A typical order came with cheese, bacon and a side of sour cream. I always took it a step further and would often smother them with chili. Looking back, that was a little overkill, but I would get them after busting my butt waiting tables. It's hard to not be over the top with food after you have served more than a $1,000 worth to customers and not been able to eat one bite.
One of the great benefits about making this recipe at home is that there is plenty of potato leftover, enough to make another potato favorite - which will be featured in my next post.
BEHIND THIS BITE
I never thought I would be doing something like waiting tables at a steak house.

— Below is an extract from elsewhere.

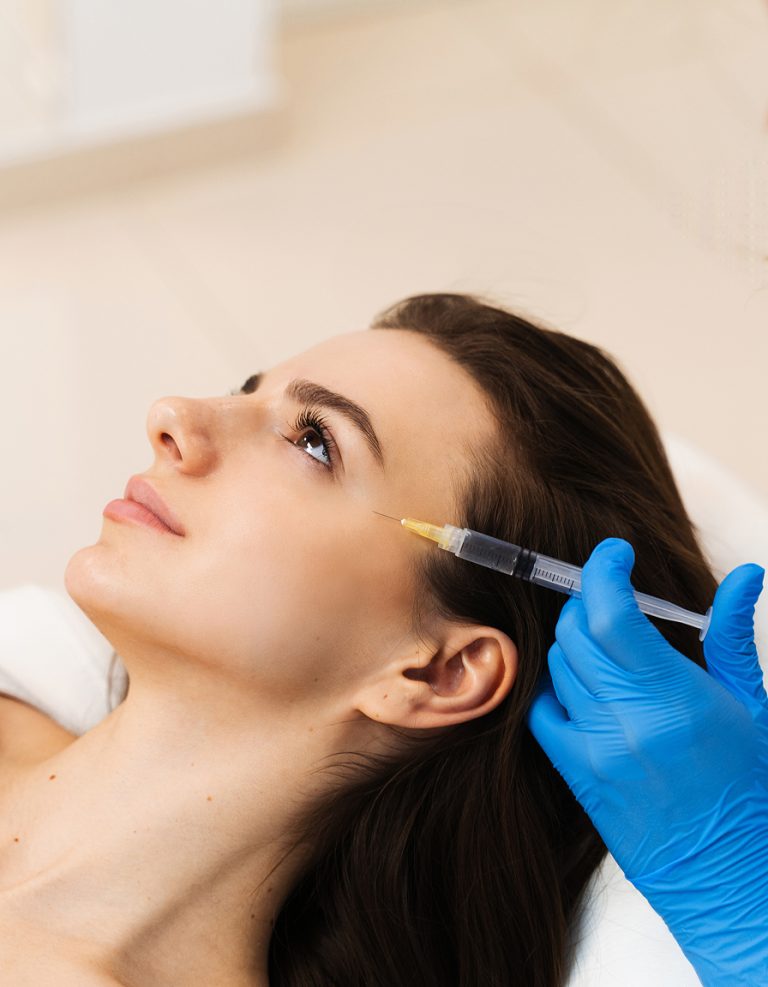 A young woman receiving a cosmetic injection to smooth wrinkles at a clinic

But, I had been in Fort Wayne for about three months and was really digging my new found spot at a little paper as the Visual Food Columnist, the only problem was that there was no pay. To me, getting the print space was all that mattered.
I had to build a portfolio of work and see if I could sustain it for the long run. In the news business, you have to be able to do your job, when the last thing on your mind is your job, meaning that your work has got to be good when it’s at it’s worst. Generally, you can look at a year’s worth of work and determine if your in the right spot.

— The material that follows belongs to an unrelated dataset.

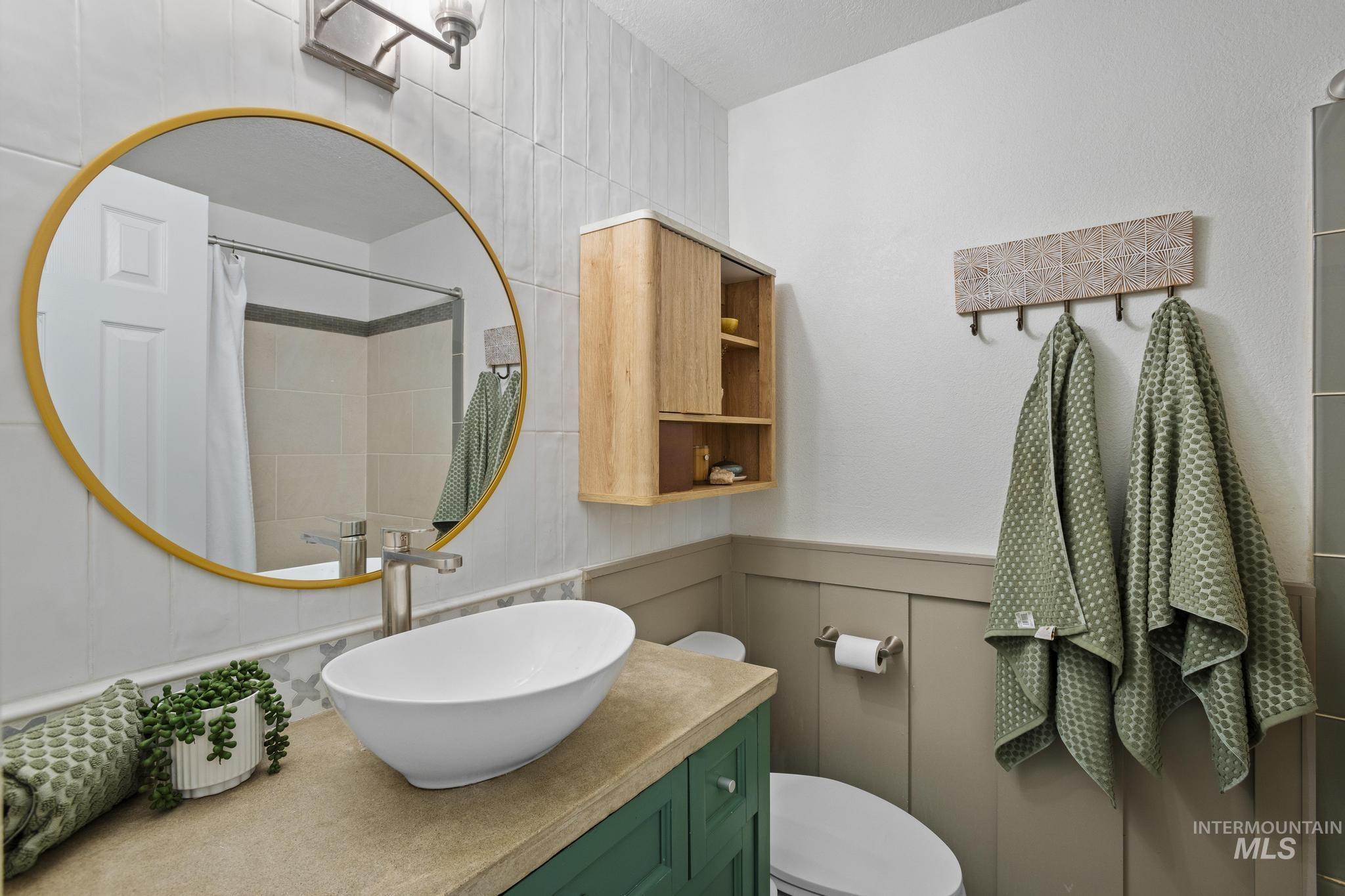 Bathroom featuring a vessel sink with a brushed nickel faucet, a gold-framed circular mirror, a wood-finish wall cabinet, wainscoting, and white wall tile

In order to save money while I built my portfolio, I took some part time employment with my sister waiting tables. I thought it would be easy, but I will tell anyone this right now – to be a good server at a busy restaurant and make good money – you have to bust your ass!

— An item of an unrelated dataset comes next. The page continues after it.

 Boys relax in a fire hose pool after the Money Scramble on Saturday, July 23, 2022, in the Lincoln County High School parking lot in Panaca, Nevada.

It took me a couple of months learning the new trade. In the beginning, I totally sucked, I literally had to learn how to carry a tray of drinks. During that process I drenched a baby with a glass of ice water - true story.
I worked hard and was determined to be good at it before giving up. The work paid off and I did become a good server. I’m proud to say that during the 9 months that I worked at the THR, I was secretly evaluated by customers working for corporate headquarters twice (neither was during the first couple of months thankfully) and both times I received a 100 percent score.
I proved I could sustain my food column and picked up the skills necessary to be a good waiter in the process. That said, I’m glad I don’t have to do that now. I quit waiting tables exactly a year after starting my food column, I could not wait to cash out my last table and I hope that I never have to do that again, but I will if I have to, waiting tables is probably the most lucrative part time job in Fort Wayne. The experience has made me work even harder at making a living as a food columnists - which is still a work in progress.
Eat well cook often ...
Serves 6; 2 hours
6 large Russet potatoes
1 Tbs Vegetable oil
1 Tbs Kosher salt
DIVIDE OVER POTATO SKINS
1 C Cheddar cheese, shredded
5 strips Bacon, cooked & crumbled
1/2 C Sour cream
1/4 C Green onion, sliced
Clean and rinse potatoes. Pat dry. Toss potatoes with salt and vegetable oil. Poke three deep holes in each potato with a knife. Place potatoes on a baking rack over a cookie sheet. Roast in a preheated 350° oven until cooked through, 1 hour and 30 minutes. Remove and let cool, slice in half.
Make potato skins, garnish and serve
Scope flesh from potatoes with a spoon leaving a thin layer of potato attached to the skin. Reserve flesh for later use. Fill potatoes with cheese and bacon. Return to pan with baking rack and heat in 350° oven until cheese is melted and potatoes are heated through, 8 to 10 minutes. Remove and garnish with green onion and sour cream, then serve.